=== DATASET EXCERPT ===
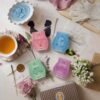 JaneAustenWaxCollection Scentsy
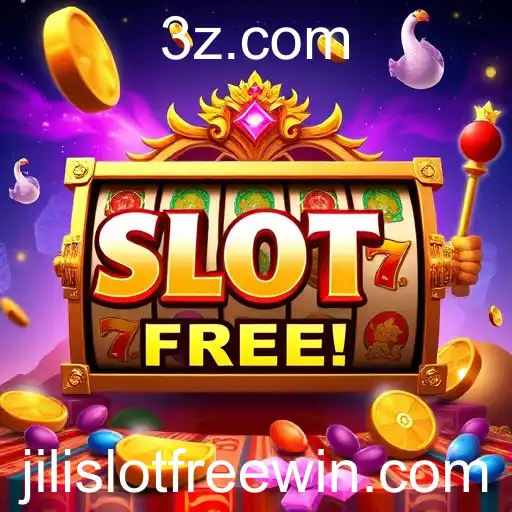 Exploring the Exciting World of Slot Games: A Focus on Jili Slot Free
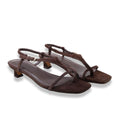 Mormora abete brown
===
WHAT IS NEEDED:
Restate word for word only the lines from the one with "Exploring the Exciting" through the last line of the material, both included. Any picture should be left out.

TASK ANSWER:
 Exploring the Exciting World of Slot Games: A Focus on Jili Slot Free
 Mormora abete brown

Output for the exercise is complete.